Well done Min - it's one of those event where you will over-indulge, but you've realised that it isn't such a bad thing! Well done for not trying to over compensate. :D
 
Thanks Daisy :) I try to do my best in assessing how I feel every day... It's hard work! But it's something I must do in order to be able to MAINTAIN. ... it's such a strange concept, I'm almost living in fear of suddenly gaining 2 stone in the period of a day. Lol, sounds ridiculous? But the mind is a strange place. ... :rolleyes:

BL: I'm half Russian - when I'm in the mood to drink, Oh believe me, I can drink! Those 7 gins didn't hit me very hard at all, I was feeling pretty sober to be honest, and no hang-over at all the next day (and I usually get pretty bad ones!). I think it was all the moisture from the fruit and the salt in the prawns that saved me. :D

Em: What did you mean by 'over-compensate'? Hmm. :)

--
I try not to carry over any 'guilt' feelings into a new day, what is done, is done. I can't exactly turn back the clock! So live each day as you mean to go on, I try not to "punish" my choices by taking something away. It's just not how it should work. I chose to do something, it was my decision at the end of the day... if a "punishment" mentality sets in - that suggests that I had no control over my actions in the first place, that I didn't have a choice over what I did or didn't do. That is what I am trying to avoid. I have all the choice, I am the one driving myself forward. :) No one else is! JUST ME! :D
This is where a lot of people do fall into a trap in the long run. If the suggestion is made anywhere at all in the mental cycle that the individual has no control: then a blame cycle can start to develop. 'Oh it wasn't my fault', 'I had no choice', 'I had no control', 'Everyone else was doing it too'... Um? Really?

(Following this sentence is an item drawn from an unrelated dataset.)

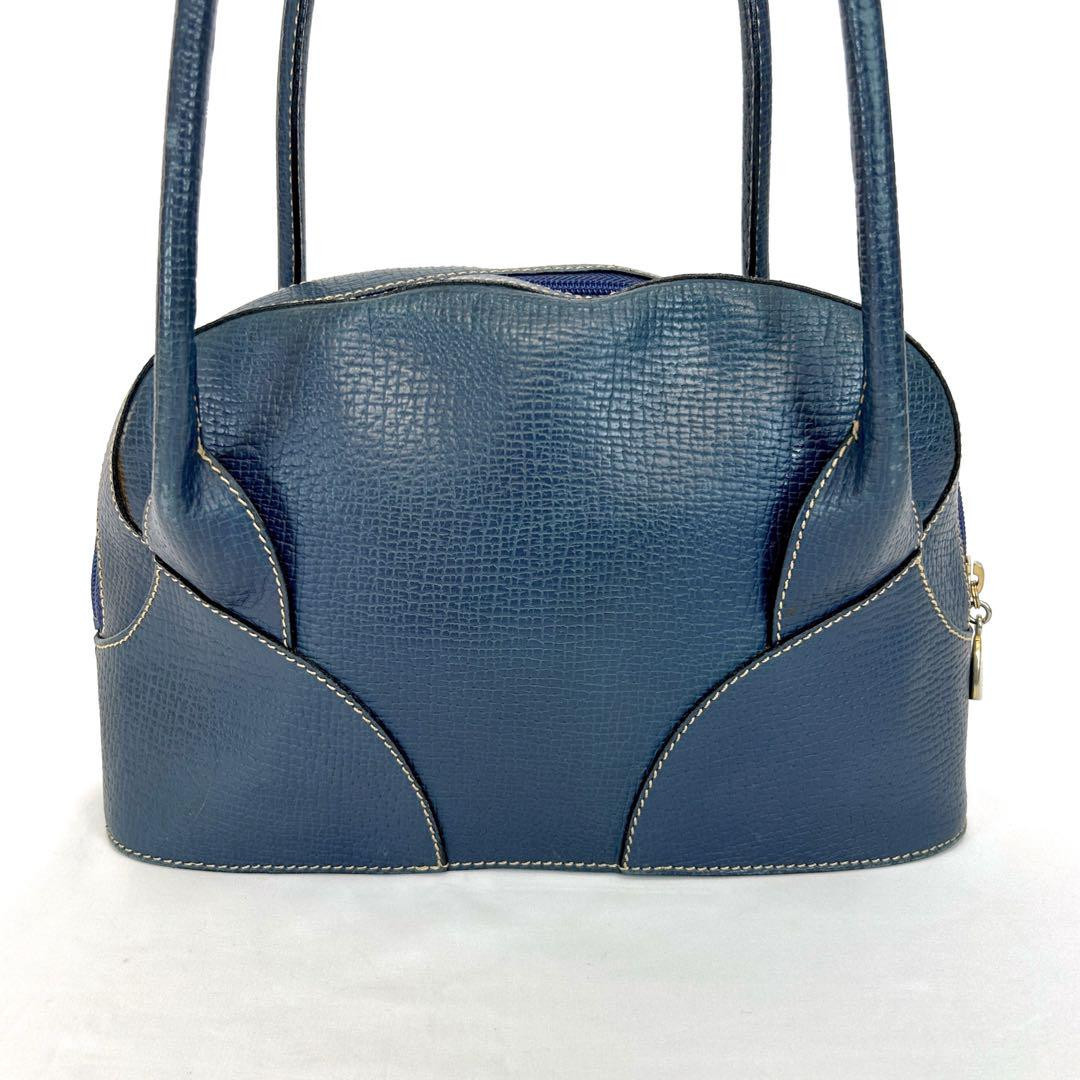 LOEWE Top Handle Bag in Grained Leather, Navy 37 Authentic LOEWE Top Handle Bag in Grained Leather, Navy 37 Authentic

Either way... I'm brought onto my next challenge... The 'more, more' monster. Every one of my meals, someone's starting to shout at the back of my mind: "Add a bit more", "What else can I add to this?", "Want more, need more, gimme more" ...
For the moment being I can and am actively ignoring it, but I do find myself standing at the fridge sometimes just scanning for more 'extras' to put into my porridge, or my lunch. Though it's scary how it comes back to haunt me even JUST after I finished my meal. ... or just a little while later. When I do feel the 'hunger' I actively ask myself: When was my last meal? If it was more than 3 hours ago then I contemplate to have something. However, if it was more recent, then I ask myself if I'm thirsty? Or what else could be bothering me... ... though a lot of the time I can't find a cause for my emotional hunger. It just happens. I'll get to the bottom of it eventually I guess. I just have to remember that I am in complete control of my actions. Not the emotional monster who wallows inside of me. And so far - so good. I can feel him clawing away inside, but I choose to sit in my chair and write about him instead. Shame him, but not blame him. I need to accept him and move on. Running away will never solve the problem. ...
Speaking of which - I am SO GLAD I gave up smoking this second time that I did LL. It gave me the chance to actually face my demons as there was nowhere to run. No fag to make the demons go away, no food to drown my sorrows. Just raw emotion which I had to tackle. ... though I can't lie. It was and still is to some extent - very, very difficult. But I'm glad. Life will always throw challenges my way, and eventually I do need to learn how to deal with them.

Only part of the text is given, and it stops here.